WHAT NEEDS TO BE DONE ▸ In the entries that follow, repeat exactly the lines from the one that has "1897 Diamond Jubilee" through the one that has "Portable Cartoon Hand", but omit pictures.
======== ENTRIES PROVIDED
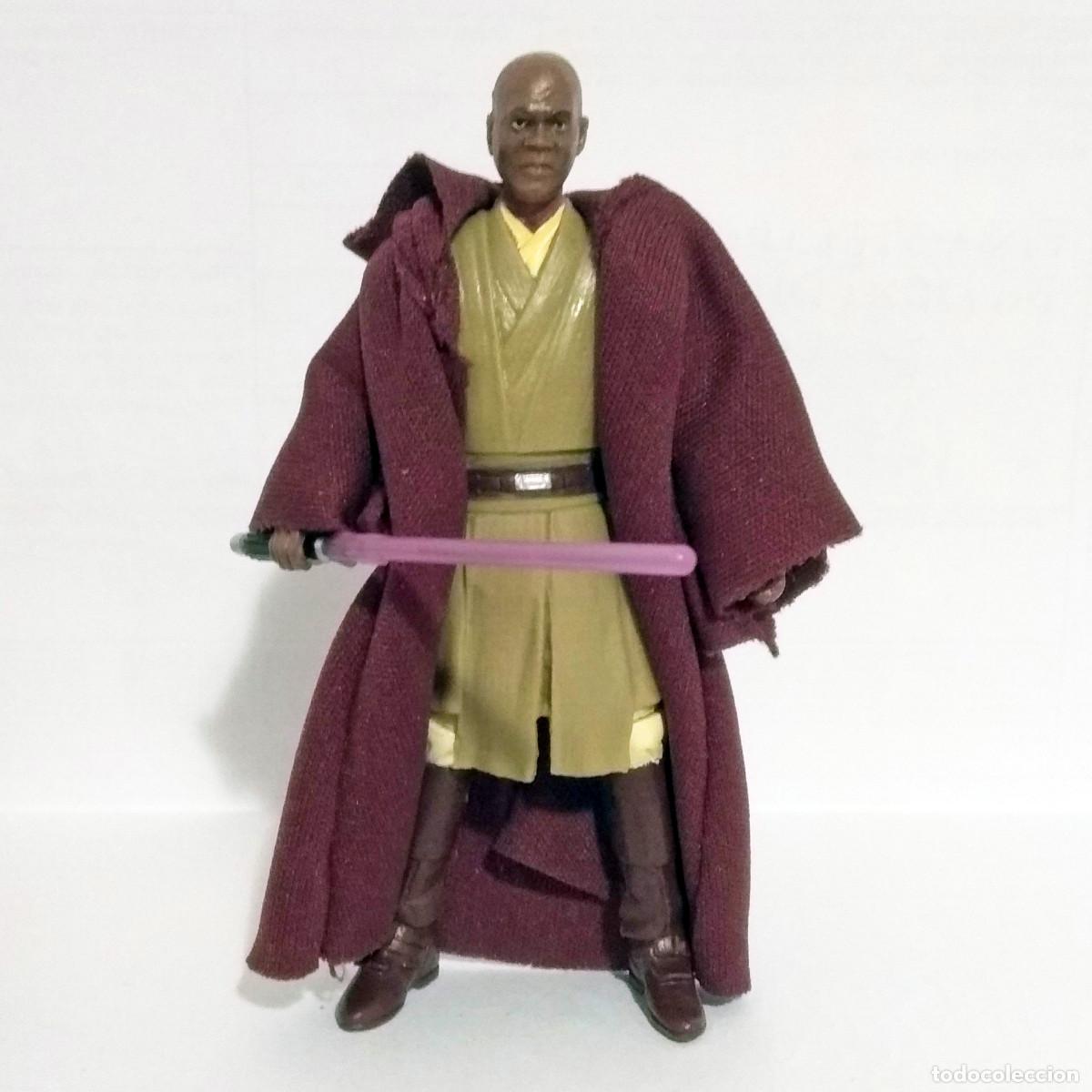 Figuras y mu&ntilde;ecos Star Wars: STAR WARS 30th 06 MACE WINDU + SABLE + EFECTO, 2007 - Foto 1
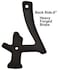 QCAA Traditional Heavy Forged Brass House Number 6 1 US10B Oil Rubbed Bronze 1 Pack Made in Taiwan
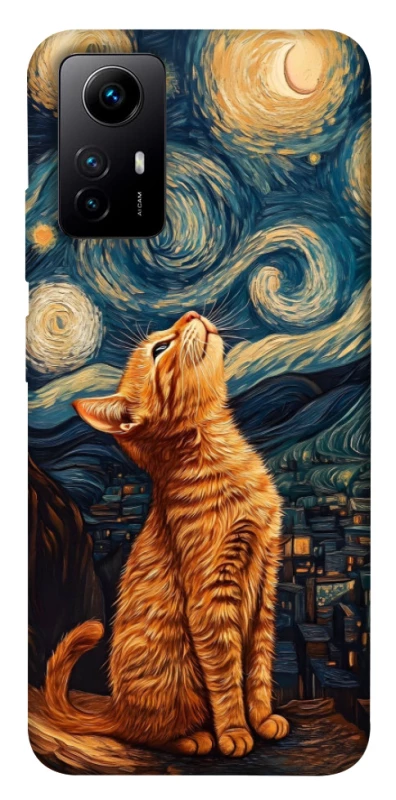 Чохол на Xiaomi Redmi Note 12S van gogh cat фото 1 з 1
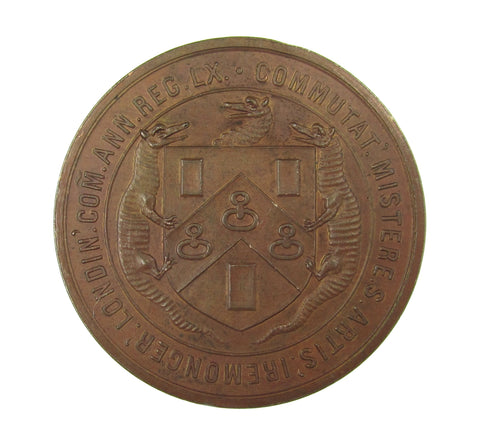 1897 Diamond Jubilee Ironmongers Of London 39mm Medal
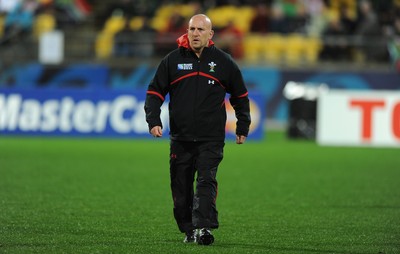 11.09.11 - South Africa v Wales - Rugby World Cup 2011 - Wales defence coach Shaun Edwards. 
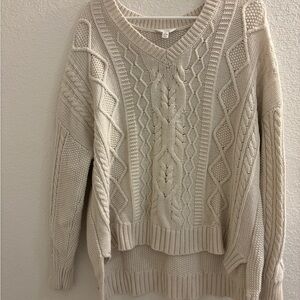 Cozy Cream Cable Knit Sweater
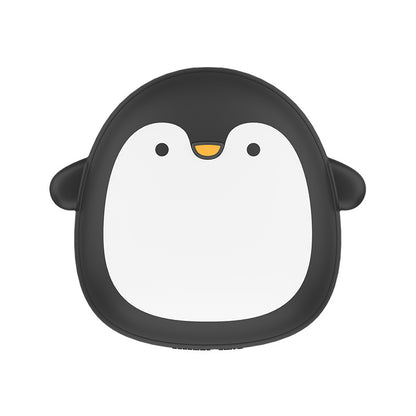 Portable Cartoon Hand Warmer Power Bank - Penguin & Polar Bear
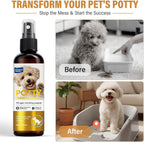 Authentic USA imported dog training spray showing detailed usage instructions and safety info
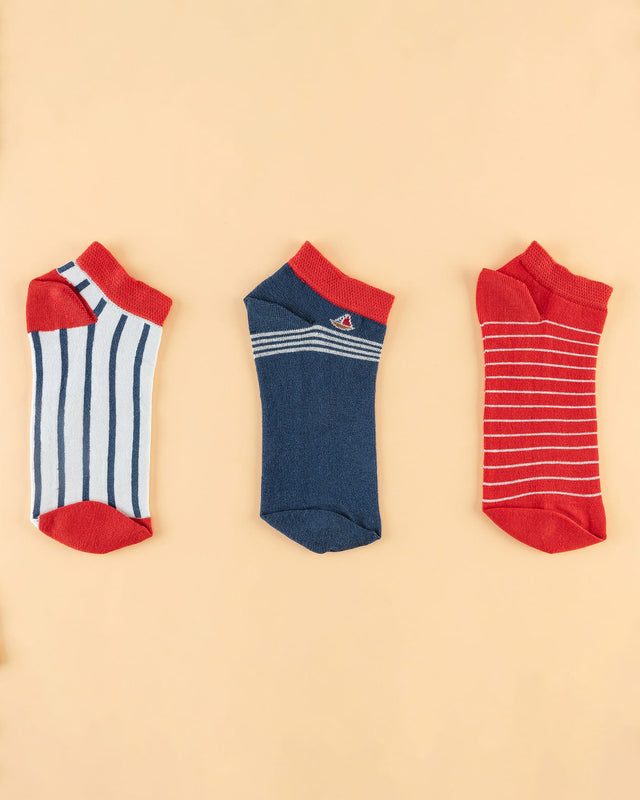 Women's No-Show Footie Socks - 3 Pair Multipack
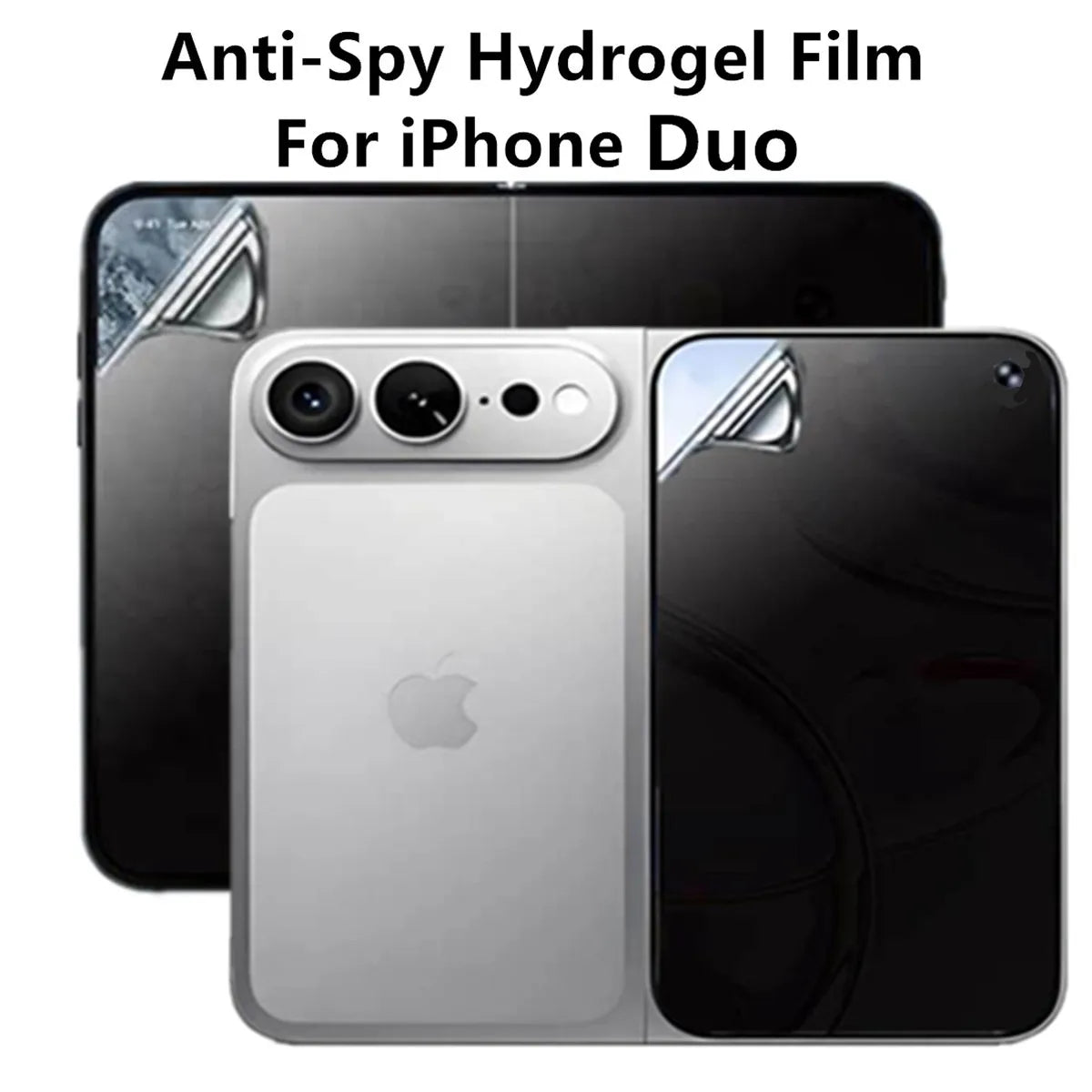 Matte / HD Anti-Shatter Privacy Hydrogel Film For Apple iPhone Duo IPhoneDuo 18 Fold Anti-Spy Soft Inner Outer Screen Protector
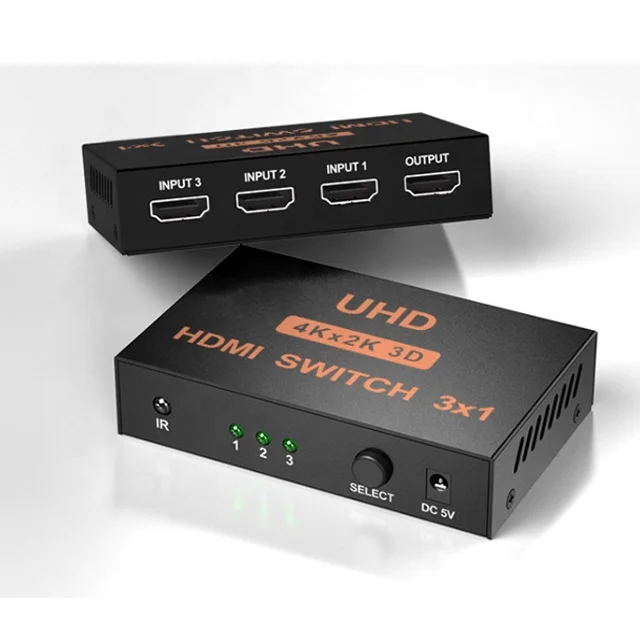 4k 2k 1080p Hd Switch 3 Port 3 In 1 Out Switch Box With Ir Remote For Tv Pc Blu Ray Player Dvd Xbox Buy 4k Switch 3 Port Switch 3 In 1 Out Switch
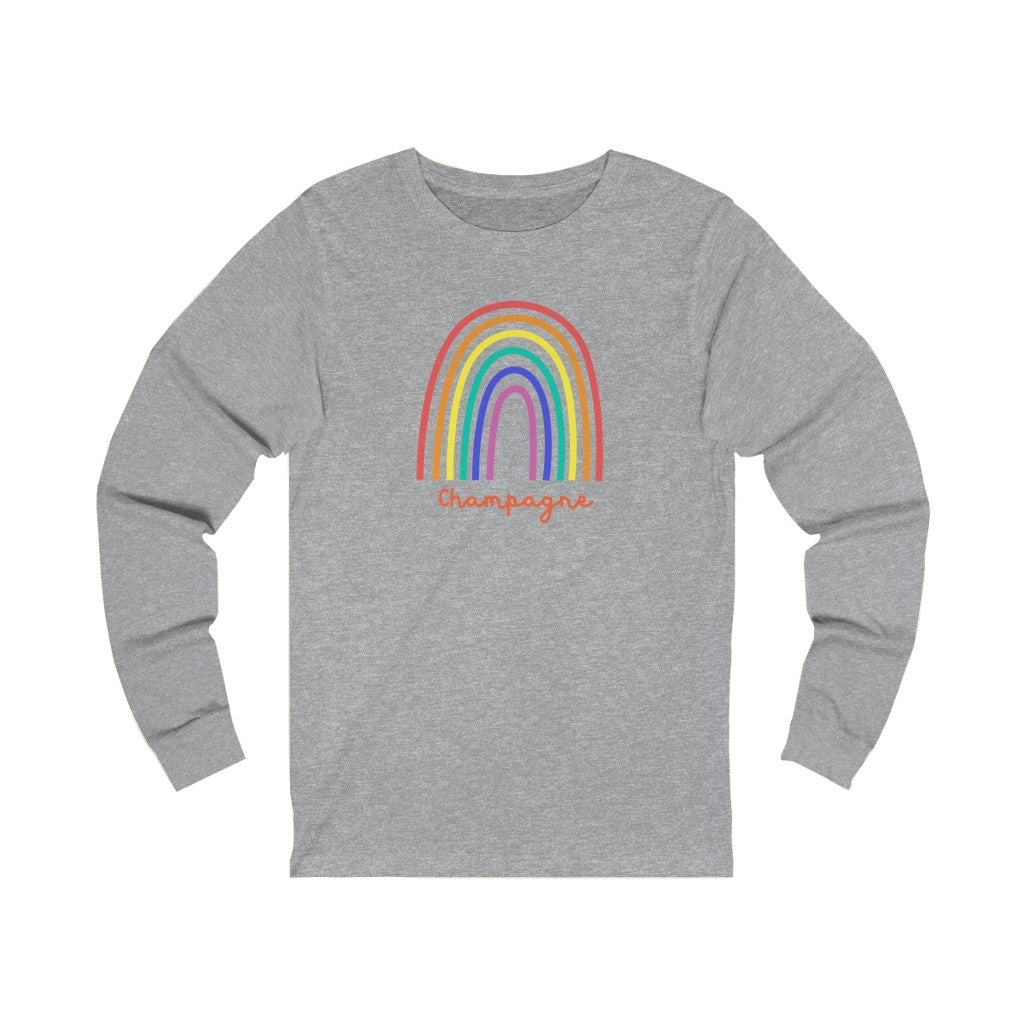Kindness - Unisex Jersey Long Sleeve Tee - Bubbles Make Me Happy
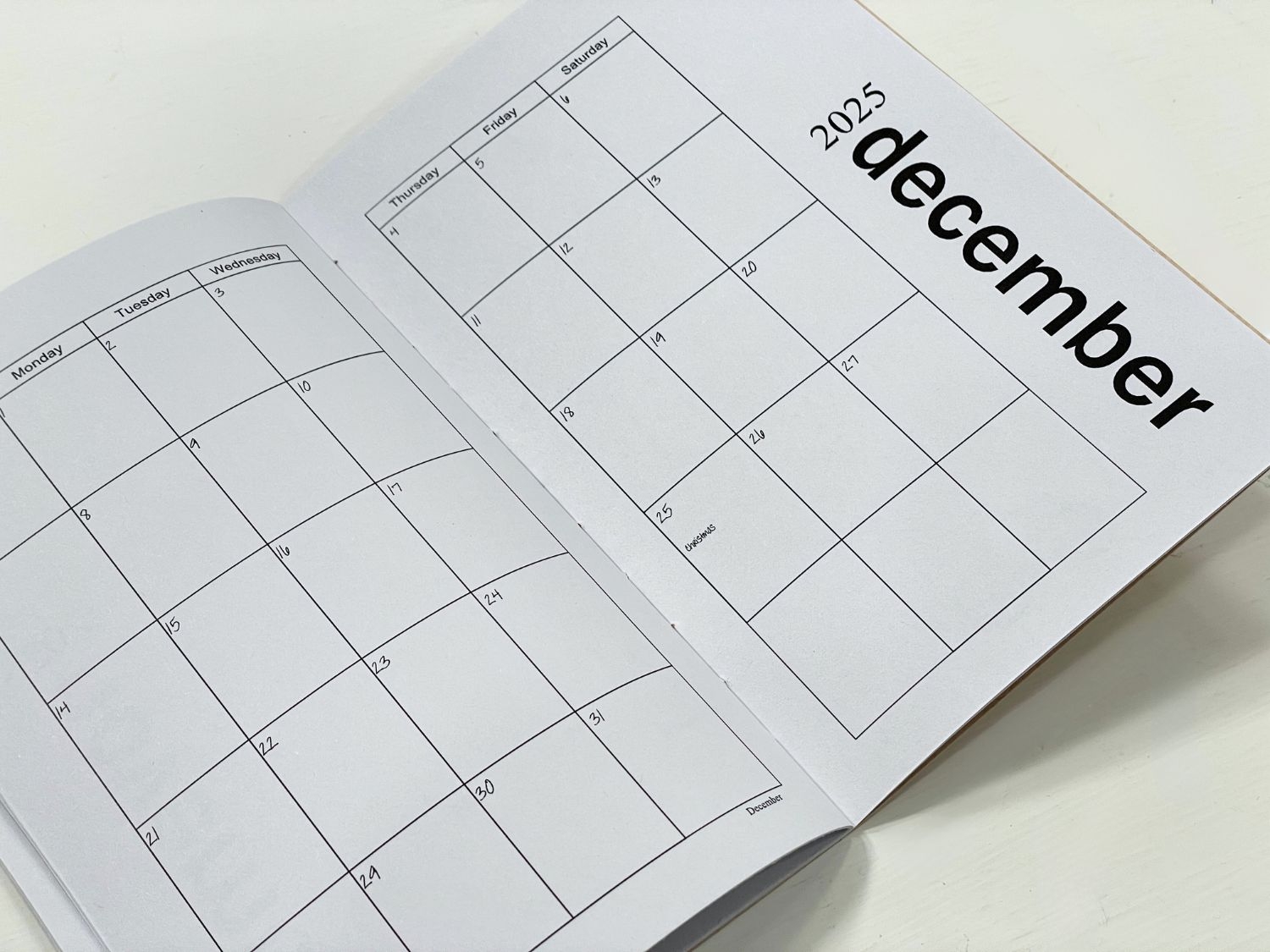 Mini Calendar Printable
================
ANSWER TO THIS EXERCISE ▸
 1897 Diamond Jubilee Ironmongers Of London 39mm Medal
 11.09.11 - South Africa v Wales - Rugby World Cup 2011 - Wales defence coach Shaun Edwards. 
 Cozy Cream Cable Knit Sweater
 Portable Cartoon Hand Warmer Power Bank - Penguin & Polar Bear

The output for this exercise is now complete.